ESAS MOTOS QUE IBAN A MIL

La esquina “de la fuente de 8 y 51” y de Texas fue, en esos 80, punto de encuentro de otra tribu urbana de aquellos años: la gente de las motos grandes que alguno dirá que poco tenían que ver con lo que hoy se conoce como motoqueros. Para entender el contexto deberá decirse que en esos 80 La Plata era un punto de referencia en el motociclismo deportivo nacional y hasta internacional. En los barrios donde había un taller de motos solía haber un corredor. A nivel nacional, el motociclismo contaba con fechas en el Autódromo de Buenos Aires, sede de competencias internacionales. Estaba el llamado Continental Circus, un campeonato donde se competía con motos de 1.000 centímetros cúbicos, enormes, pesadas y de cuyos escapes salía el aliento excitante de los aditivos, el aceite de ricino y el sonido de motores que aullaban como fieras. Eran esas motos que iban a mil, al cantar de Charly García, y se juntaban en la esquina de Texas. Y se trataba de mucho más que solo sentir el viento en la cara.

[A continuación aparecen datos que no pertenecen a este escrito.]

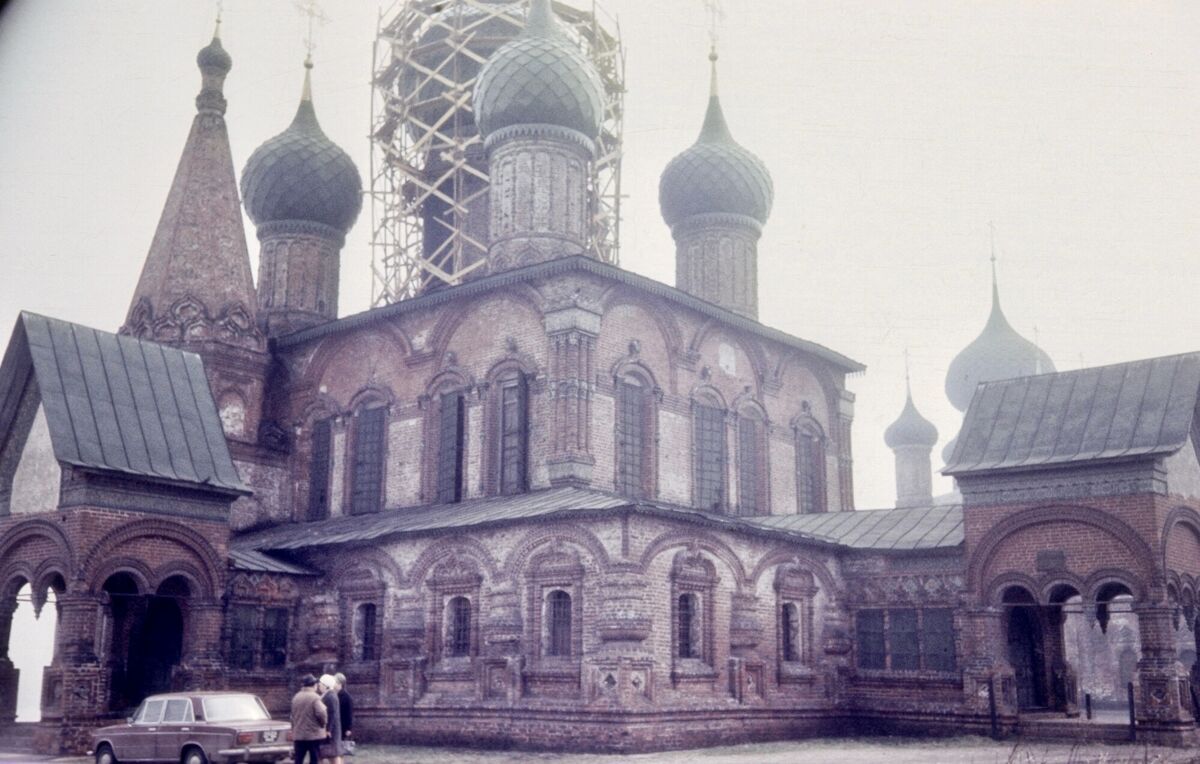 Церковь Иоанна Златоуста в Коровниках, Ярославль (Ярославль, город, Ярославская область). дополнительная информация, Скан с плёнки из домашнего архива.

“Mi hermano Gregorio siempre fue un fanático de las motos y ha llegado a competir. En esa esquina se juntaban otros locos como él entre los que recuerdo al Rata Marino, a Batisttessa, a Bormapé, a los hermanos Minietto, a Gustavo Biffi, a Albertito Blanco, otro gran corredor que murió en un accidente. La memoria no me ayuda para recordarlos a todos pero era la esquina donde se juntaban las motos, las motos grandes y eso era pintoresco. De Texas se iban al Camino a Punta Lara o frente de la Vucetich a correr picadas pero eso creo que no se puede decir”, apunta entre risas.

A plata de hoy, Handula calcula que la factura de Edelap por el consumo de las máquinas que hacían funcionar a Texas rondaría los 300 ó 450 mil pesos. Y que sostener aquello era una carrera permanente contra una tecnología que cambiaba en cuestión de semanas y actualizarse tenía su costo.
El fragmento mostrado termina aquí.